The Internet seems to have this wonderful ability to bring about combinations of mediums that perviously may not have been possible. For a long time now, we’ve had the combination of radio and music, and video and music, but never thought the two could work together. But, throw the Internet into the mix, and you have a recipe for radio/video fusion. How? By using the abilities afforded to radio stations from their connections with musicians to take the live, exclusive performance to a new level. Stations have been asking artists to come in to their stations and perform live for ages, as a way to bring listeners to the station and simultaneously promote the band. Likewise, bands have been producing music videos as a means of promotion on TV stations like MTV and Fuse. So now that we have the Internet, and simple uploaders that allow us to publish videos of whatever we like online for free, why not, if you’re a radio station, throw a video camera or two in the studio? The band gets a music video, you get more hits on your website, and maybe, if they like what they hear, more listeners on your station. This is precisely what KEXP did in a recent post.

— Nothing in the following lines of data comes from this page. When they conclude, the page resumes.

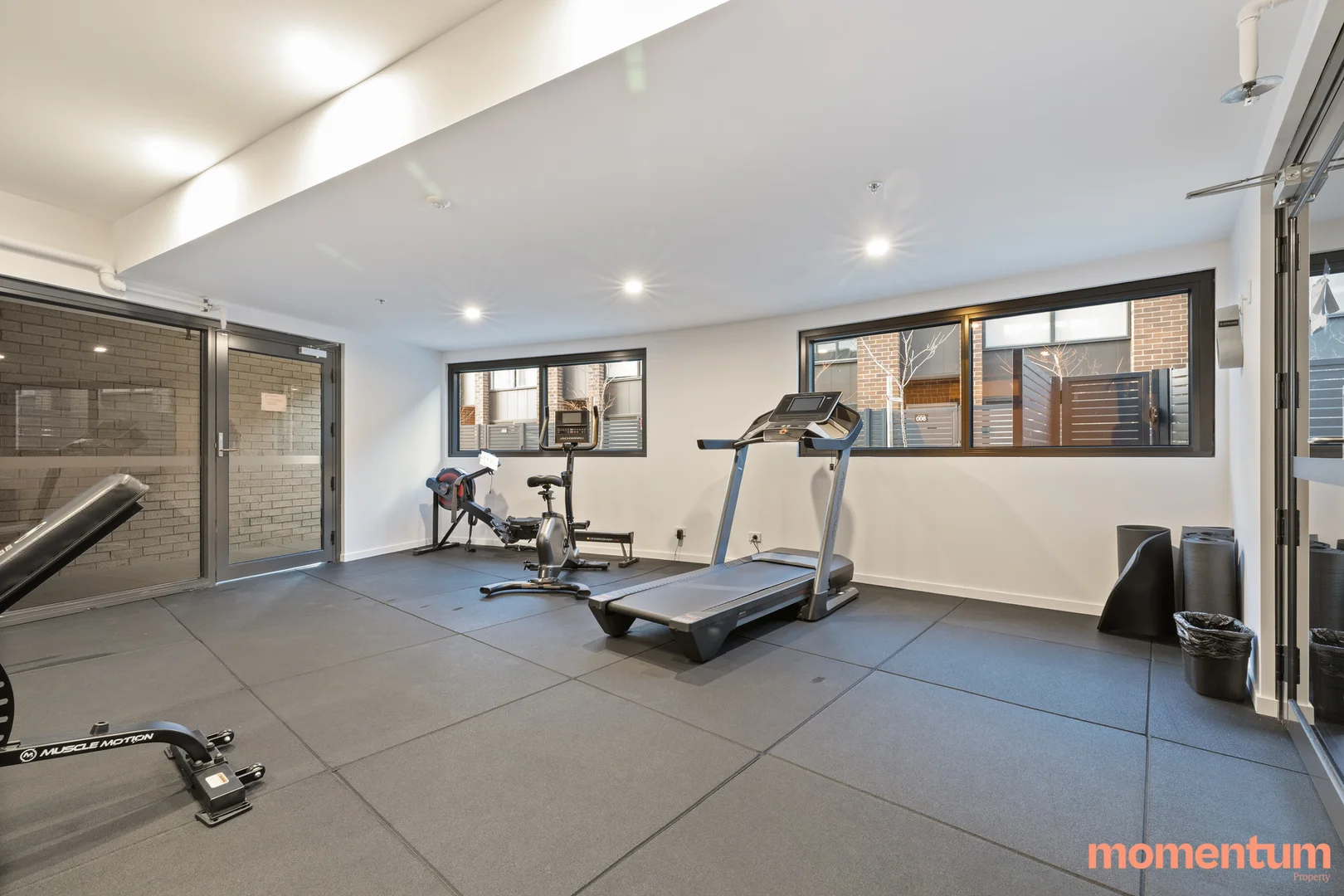 Additional image 15 of 428/181 Sutherland Crescent, Taylor ACT 2913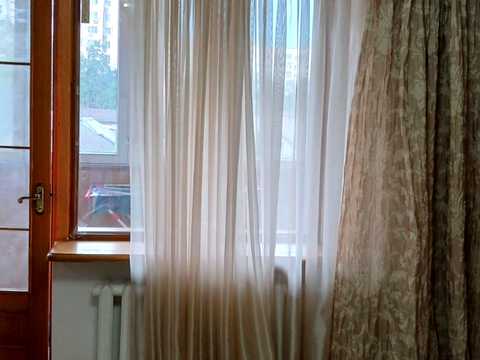 квартира по адресу Левитана ул., 101а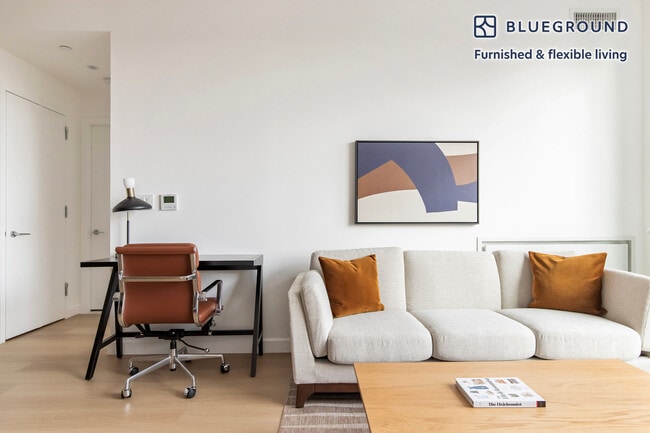 655 Union St in Brooklyn, NY - Foto de edificio - Building Photo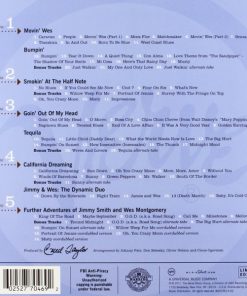 Wes Montgomery-2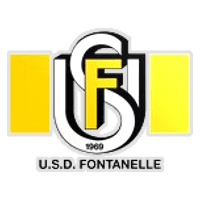 Fontanelle (TV)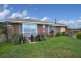 21 Martyn Place, Brighton TAS 7030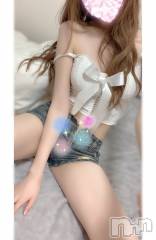 新潟メンズエステあろまえすて＠新潟(アロマエステアットニイガタ) 桜＊さくら(30)の5月3日写メブログ「人間って欲深い。」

The band, Boat, got some pretty sweet videos out of this post. The KEXP videographers did an awesome job of shooting the band and capturing the fun they were having, while keeping the cuts and the shots artful and interesting. The music isn’t bad either – reminds me of some early Weezer stuff (which is always a good thing, so check ’em out!). All in all, this is an excellent example of how the Internet, blogging, new technology, etc, is bringing together mediums that, with traditional media, were forced to remain separate.

But what does this mean for music, for the media, for the Internet? Perhaps it’s yet another sign that mass media, traditional media, and Internet media and work together. Musicians have been successfully using the Internet and its publishing abilities (myspace, youtube, etc.) to promote their work (fine example here), and recently independent musicians have been catching their big breaks through popularity online rather than through record labels.

It only makes sense that radio stations would catch on, find a way to use their resources to create unique material to post, and take advantage of the vast audiences online that are constantly seeking something new. It may mean consuming radio in a different way, but it offers hope for a very old form of media that has been struggling to compete with satellite radio, the MP3 explosion, and the emergence of podcasts.